[Items from a dataset]
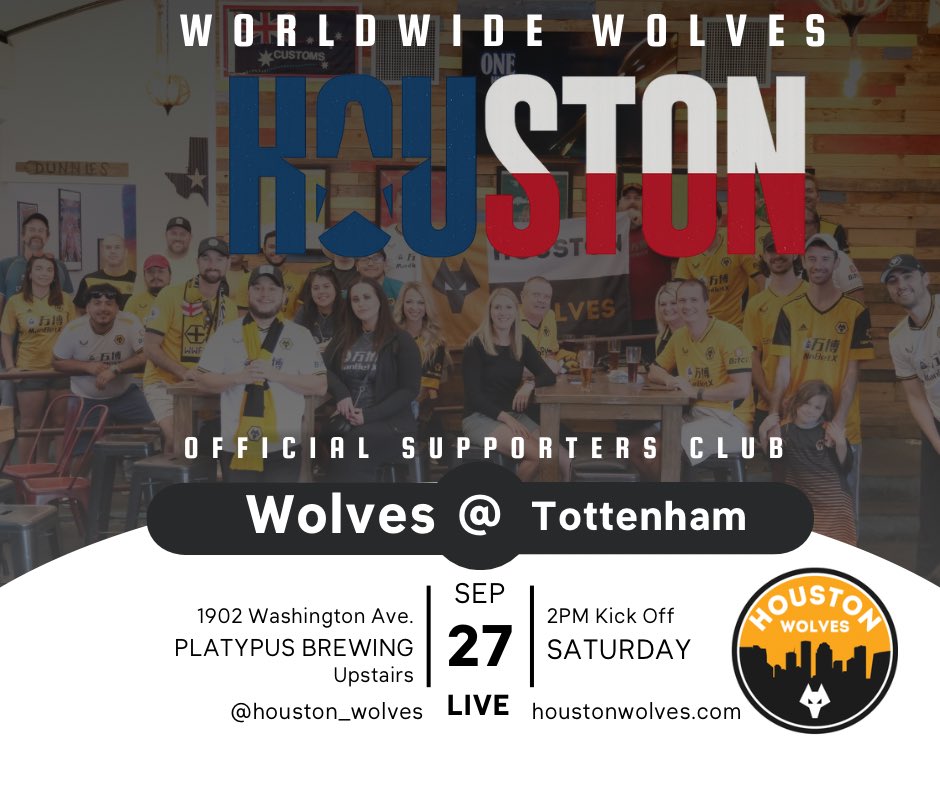 Houston_Wolves's tweet image. Us.

You.

The Wolves.

Saturday.

2PM

@Platypusbrewing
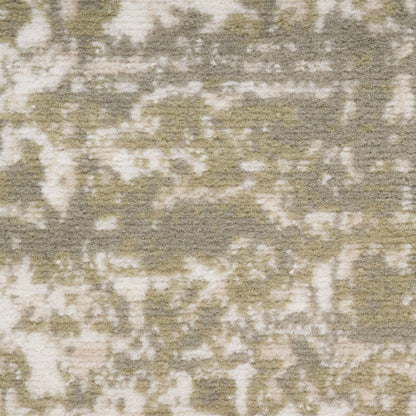 Neutral beige and olive camo-style abstract area rug with plush, textured pile, 4' x 6'.
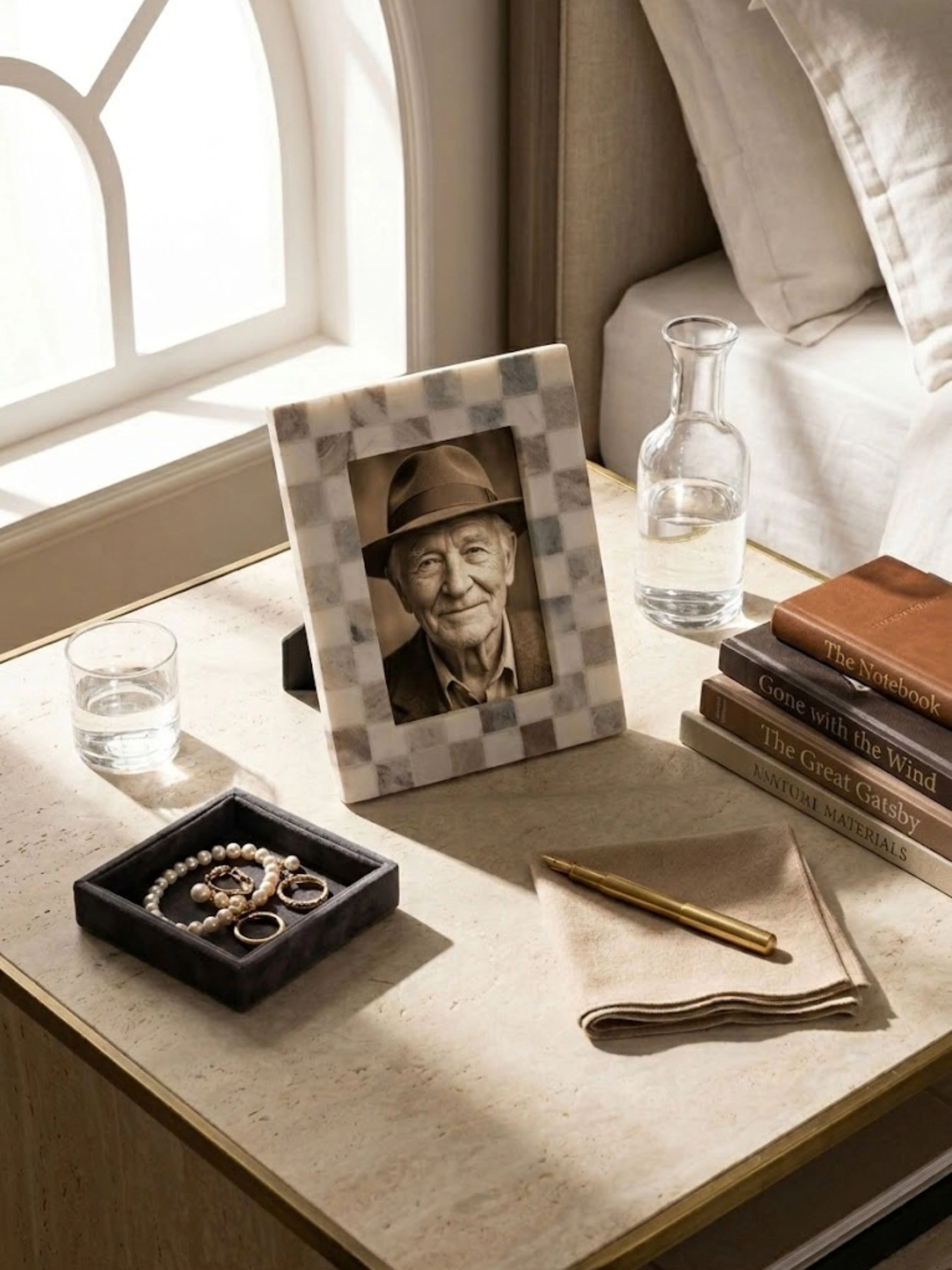 GAURI KOHLI Austen Green Onyx Picture Frame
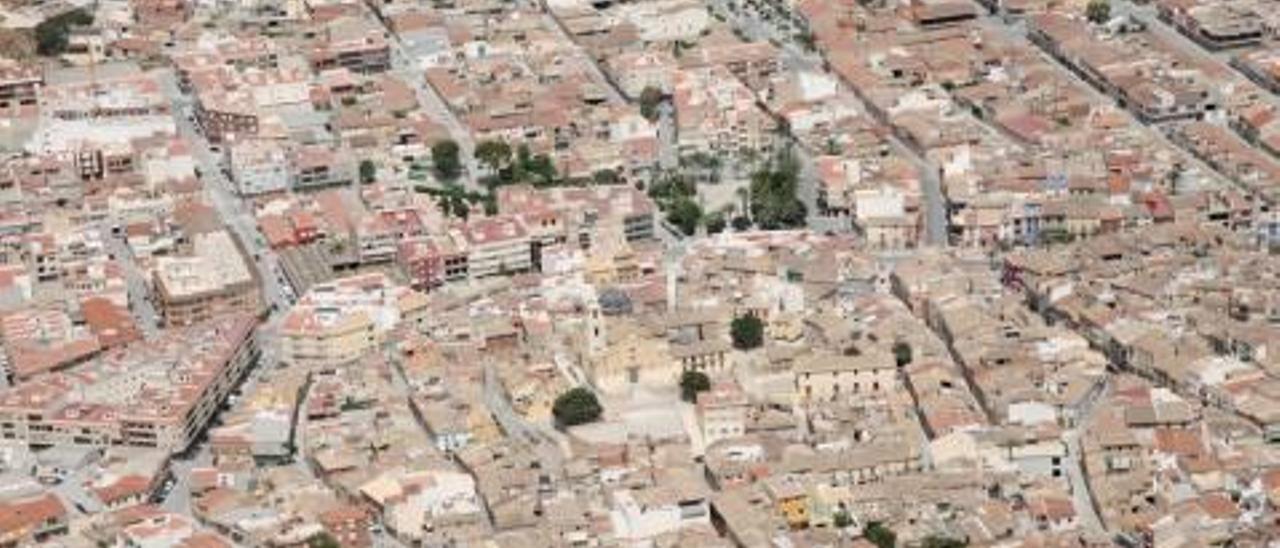 Vista panorámica del casco urbano de Monforte.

**Problem to work on**
The copy should start at the line that contains "Neutral beige and", end at the last line of the entries above, and match each line exactly, with pictures dropped.

**Response area**
 Neutral beige and olive camo-style abstract area rug with plush, textured pile, 4' x 6'.
 GAURI KOHLI Austen Green Onyx Picture Frame
 Vista panorámica del casco urbano de Monforte.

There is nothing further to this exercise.